My opinionated scaffolding for modern Python projects

Python is a pragmatic programming language and asks for very little to get started. A text file with valid code, conventionally ending in .py and forming a “module” in Python jargon, is already a small program (a script); we run it with python <file> and we are done. But when that simple piece of code needs to grow into more files or deserves to be distributed —maybe because it will be a dependency of another project or simply because someone else might benefit— then it needs some structure and metadata.

That is not exclusive to Python: when you start a software project there is always a basic set of files and structures that serve as a starting point; the minimum set of files, folders, configs, and "basic" code you need when you want to share code as an app or library: the project boilerplate.
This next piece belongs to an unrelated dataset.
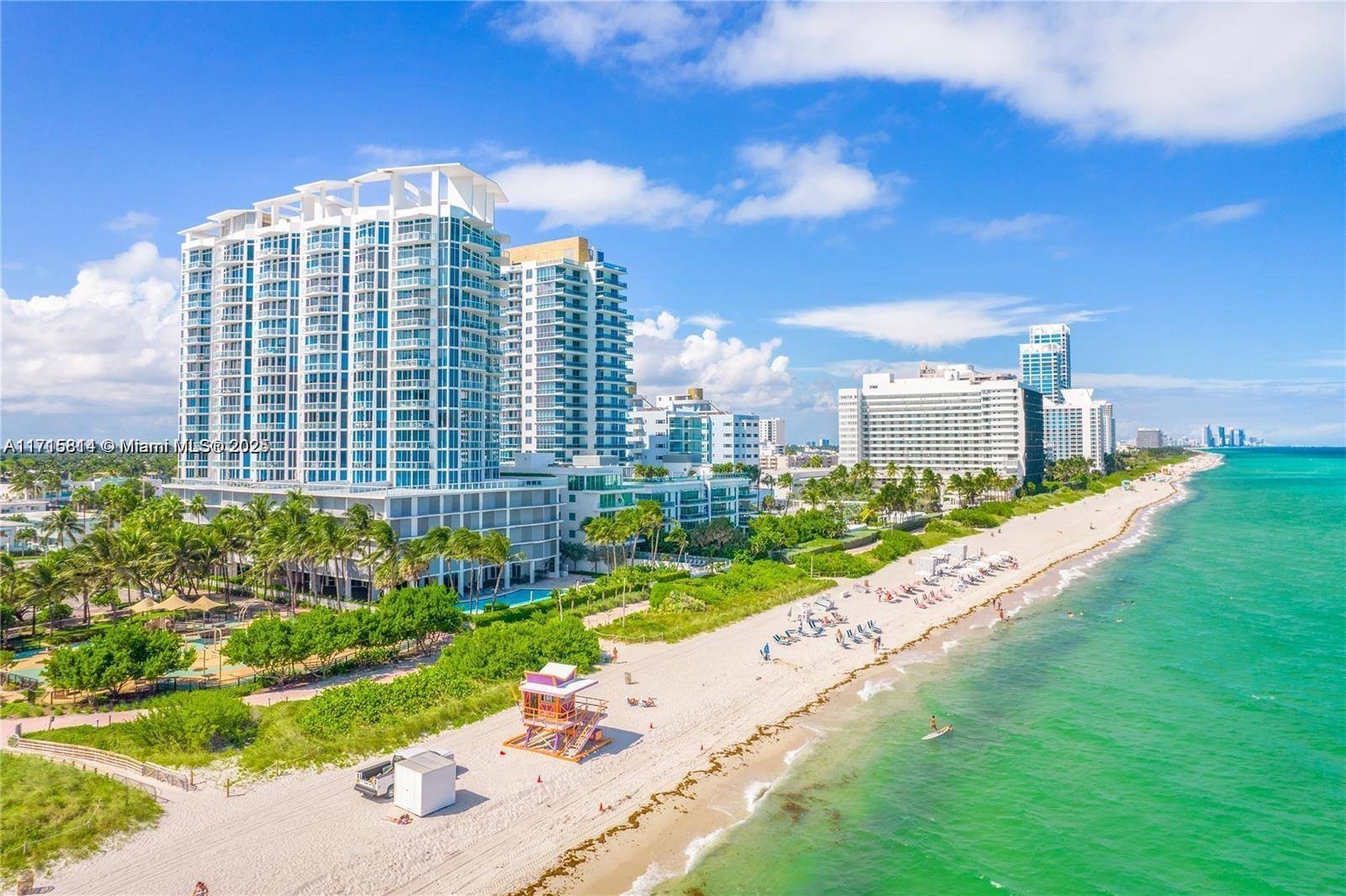 Miami Beach, FL 33141,6515 Collins #702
The boilerplate does not define logic, but it does lay the technical foundation—often based on conventions and sometimes on personal taste—on which everything else will be built.
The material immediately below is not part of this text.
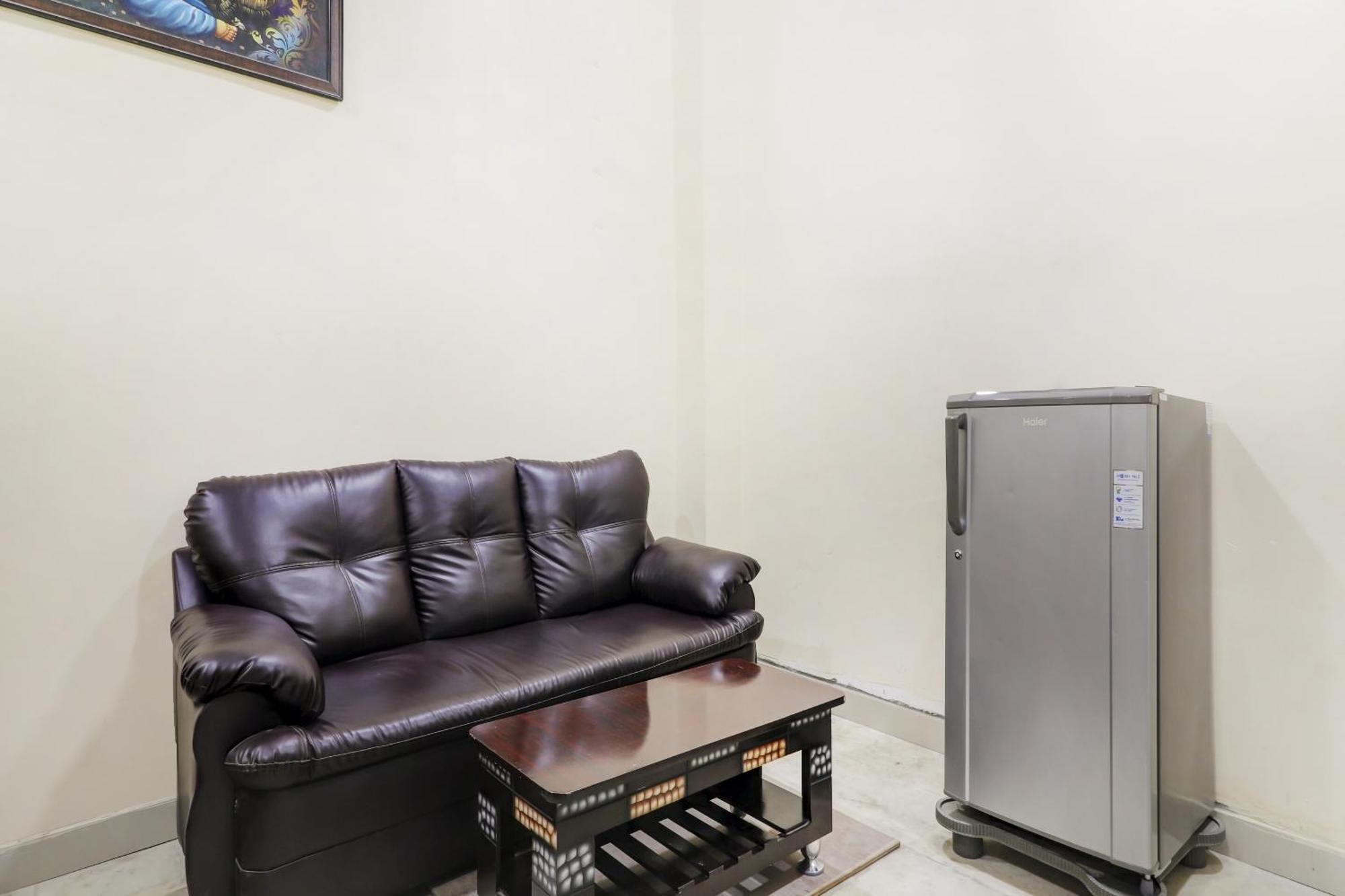 Hotel O Rsquare Elite Sururnagar Екстериор снимка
This article details the decisions I made for the template and automated scaffolding I created for my projects, based on Copier.

In short:

  • 🐍 Modern Python package (3.12+)
  • 📦 Build and dependency management with uv, split by groups (dev/qa/docs)
  • 🧹 Linting and formatting via Ruff with a broad set of rules enabled
  • ✅ Type checking via ty
  • 🧪 Tests with pytest, coverage.py and extensions
  • 📚 Docs with Sphinx, MyST and a few extensions, deployed to GitHub Pages
  • 🤖 GitHub project creation automated through GitHub CLI
  • ⚙️ CI workflow on GitHub Actions
  • 🚀 Automated releases via Trusted Publishing
  • 🧠 Sensible defaults via introspection to minimize answers in the initial questionnaire
  • 🛠️ Makefile with shortcuts for common tasks
  • 📄 Generation of generic docs such as LICENSE/CODE_OF_CONDUCT/AGENTS.md, etc.
  • 🌀 Initial setup of the development environment and git repo
  • ♻️ Projects updatable with copier update

And a bunch more details I am surely forgetting.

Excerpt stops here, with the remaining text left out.